[[ THE DATA, beginning ]]
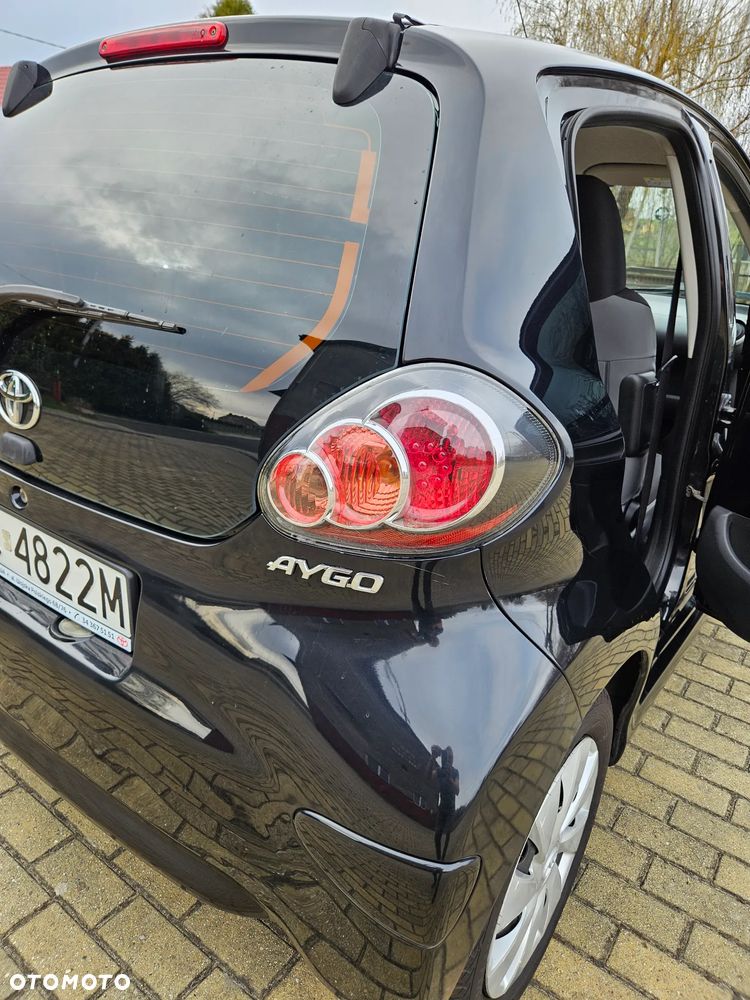 Toyota Aygo 1.0 VVT-i - 31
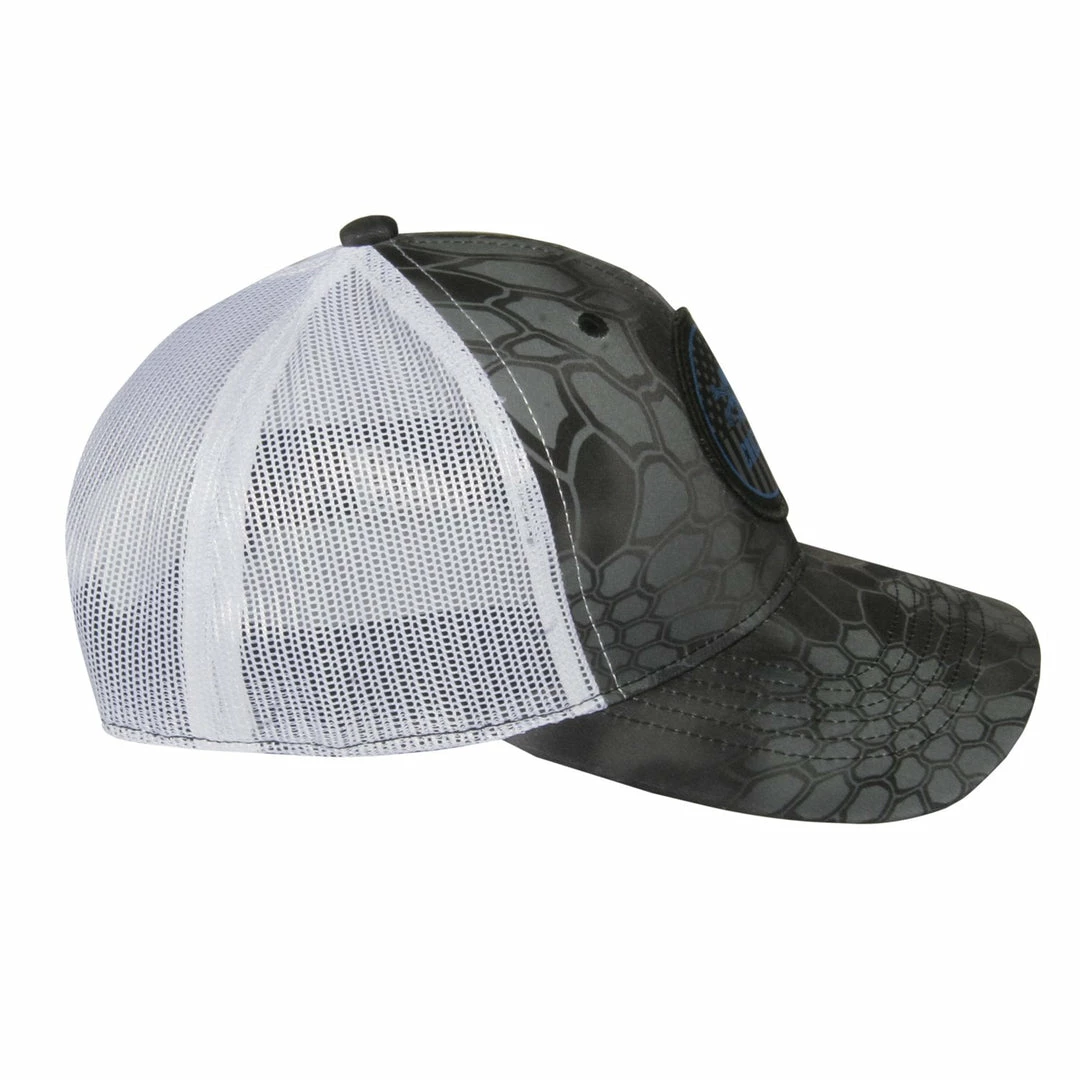 Calcutta Hat Apparel Kryptek Typhon 4 Calcutta Apparel Kryptek Typhon Hat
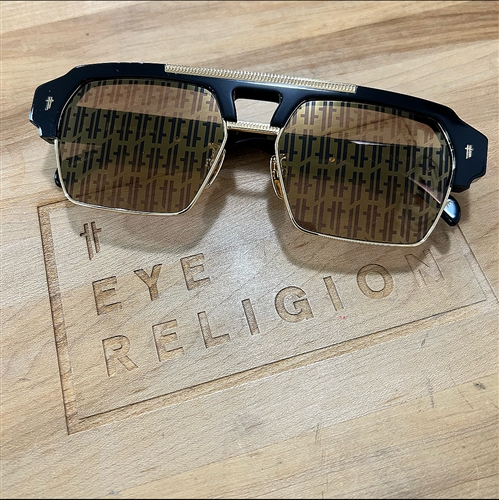 Eye Religion Lunetz 202 Hologram Sunglasses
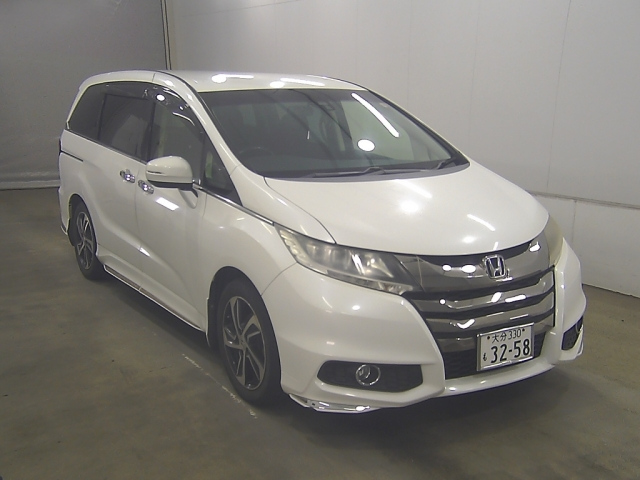 HONDA ODYSSEY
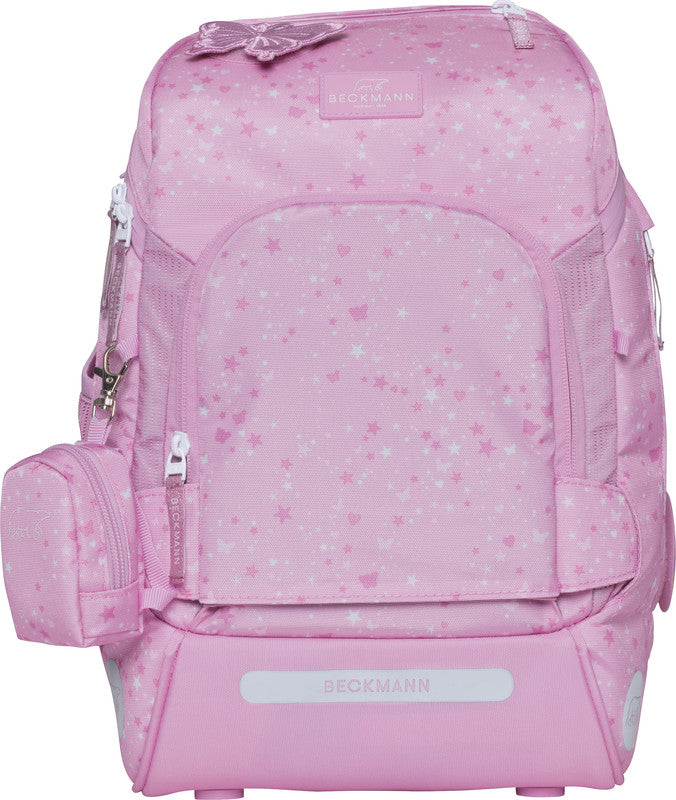 Beckmann Schulrucksack Active Air Flx – Rosie – 26,0×39,0×22,0 cm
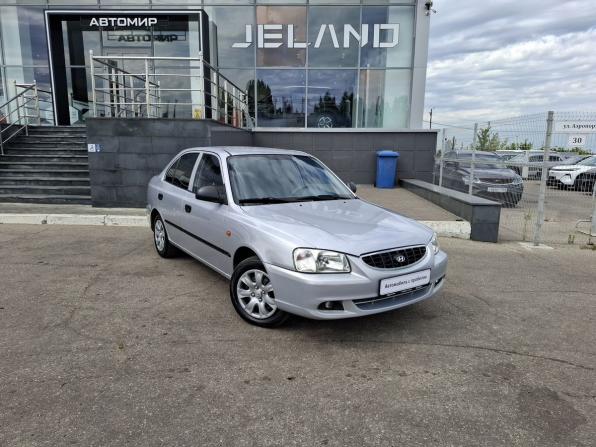 Hyundai Accent II с пробегом 2007 года, цена 350 000 рублей, 233823 км, седан, Автокод Объявления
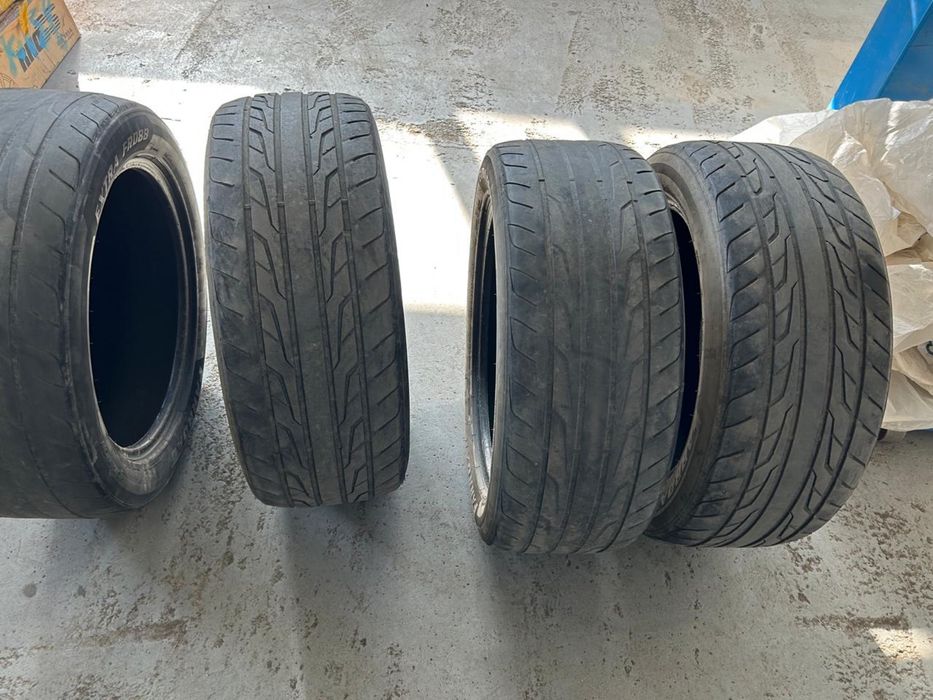 Комплекс шин б/у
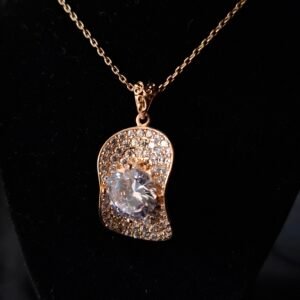 Cadena con colgante
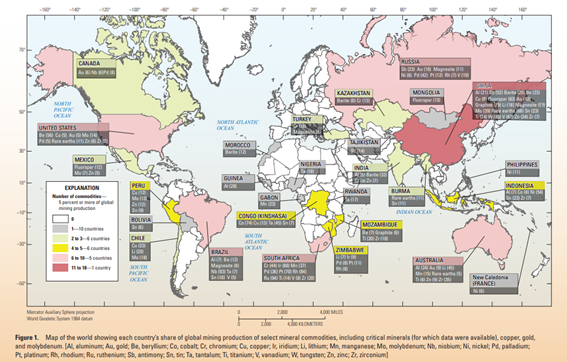 Mapas globais Mapas globais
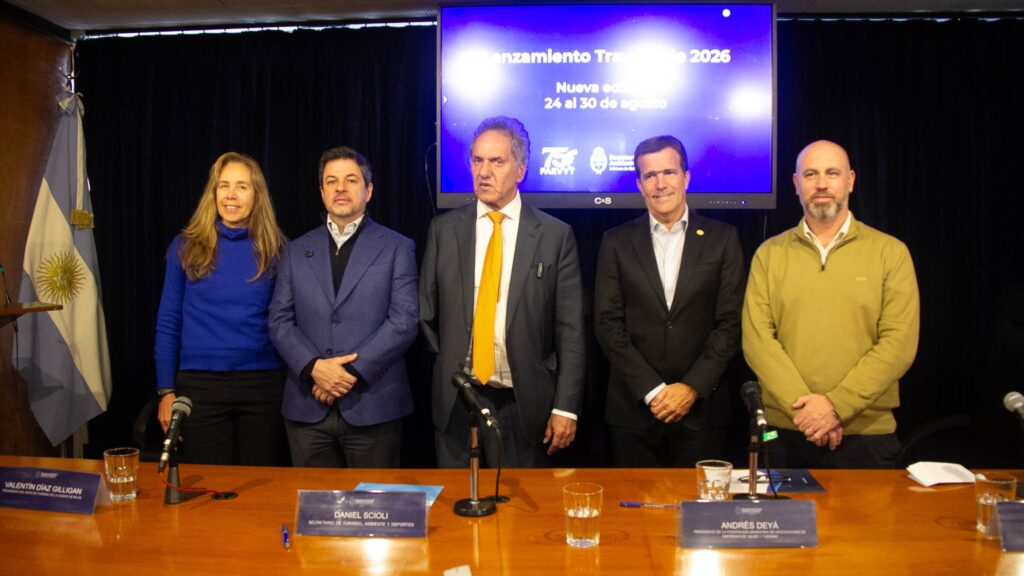 Travel Sale 2026: más de 100 agencias ofrecerán oportunidades para viajar por Argentina y el mundo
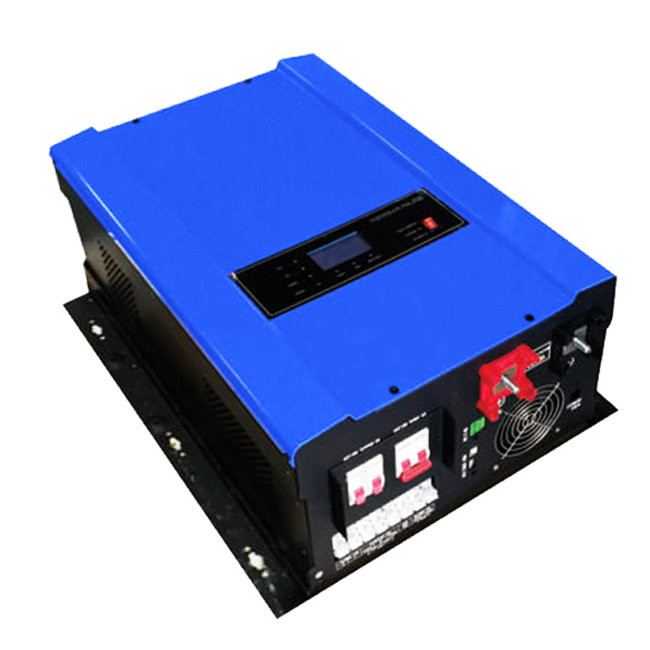 China 10000W 48V Solar Inverter Pure Sine Wave UL CE Listed AC Charger Solar Charger on sale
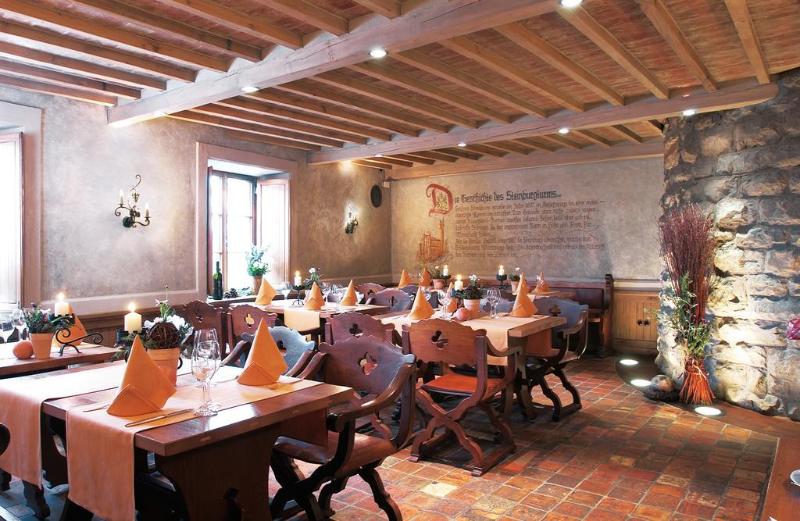 Schlosshotel Steinburg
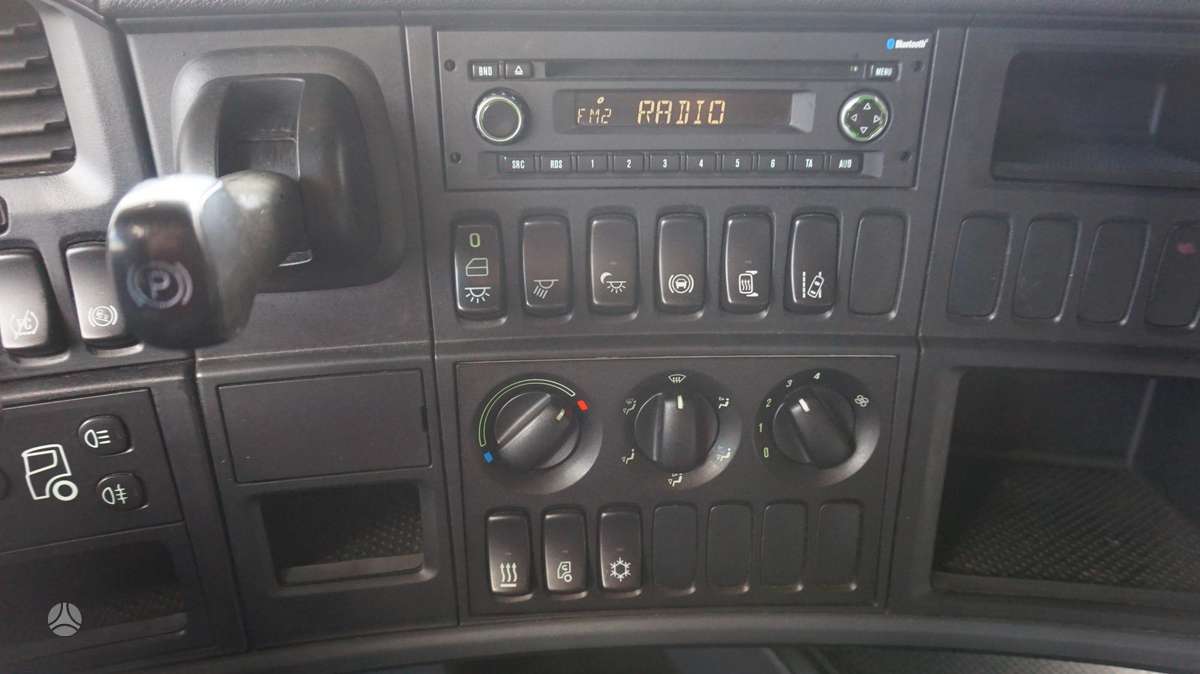 Scania R450 Retarder, BE AGR, double sleeper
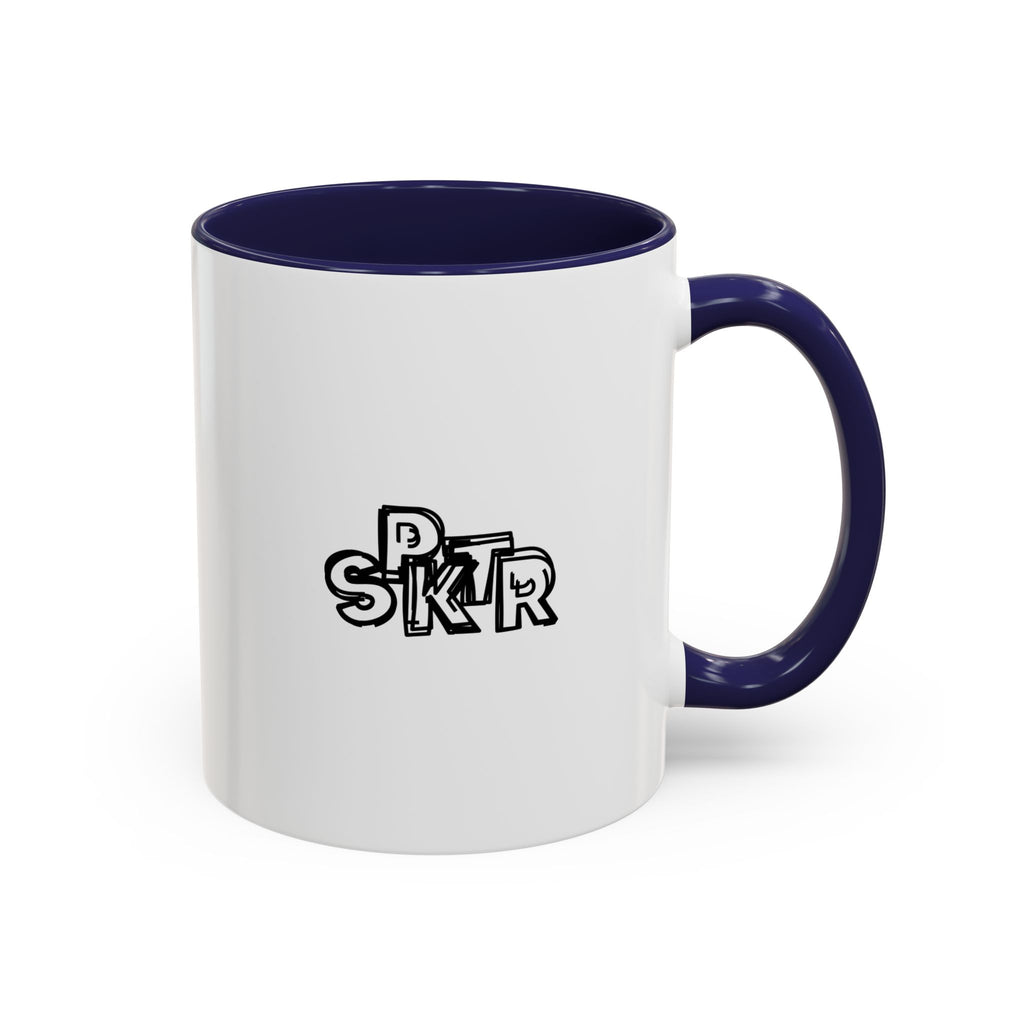 "Mulher, Um Universo" | Accent Coffee Mug 11oz or 15oz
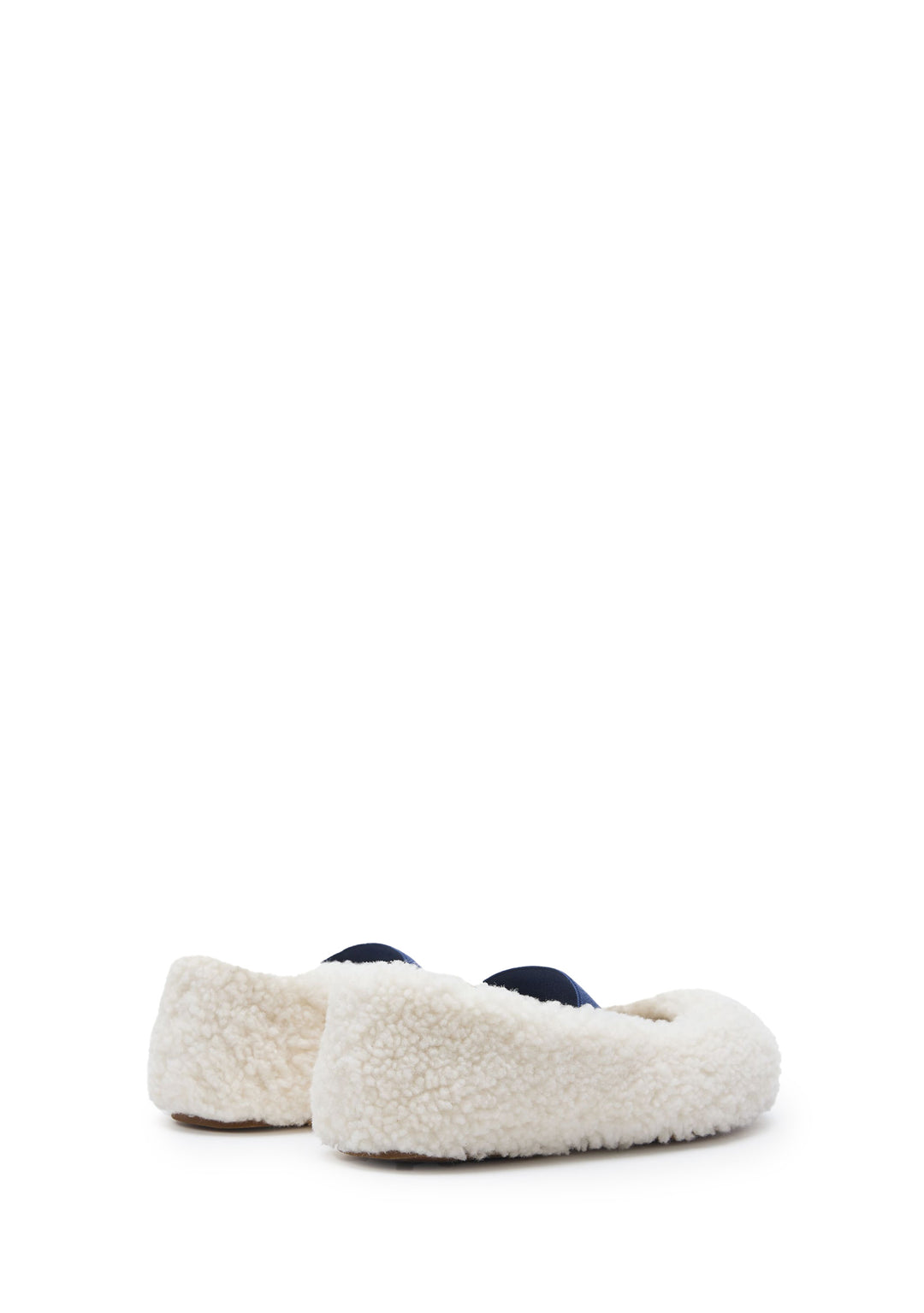 BALLERINA Bianco Moon Boot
[[ THE DATA, end ]]
#### [WHAT THE TASK ASKS]
From the line containing "China 10000W 48V" to the end of the listing, restate each line word for word and nothing more; the pictures stay out.

#### [WRITTEN ANSWER]
 China 10000W 48V Solar Inverter Pure Sine Wave UL CE Listed AC Charger Solar Charger on sale
 Schlosshotel Steinburg
 Scania R450 Retarder, BE AGR, double sleeper
 "Mulher, Um Universo" | Accent Coffee Mug 11oz or 15oz
 BALLERINA Bianco Moon Boot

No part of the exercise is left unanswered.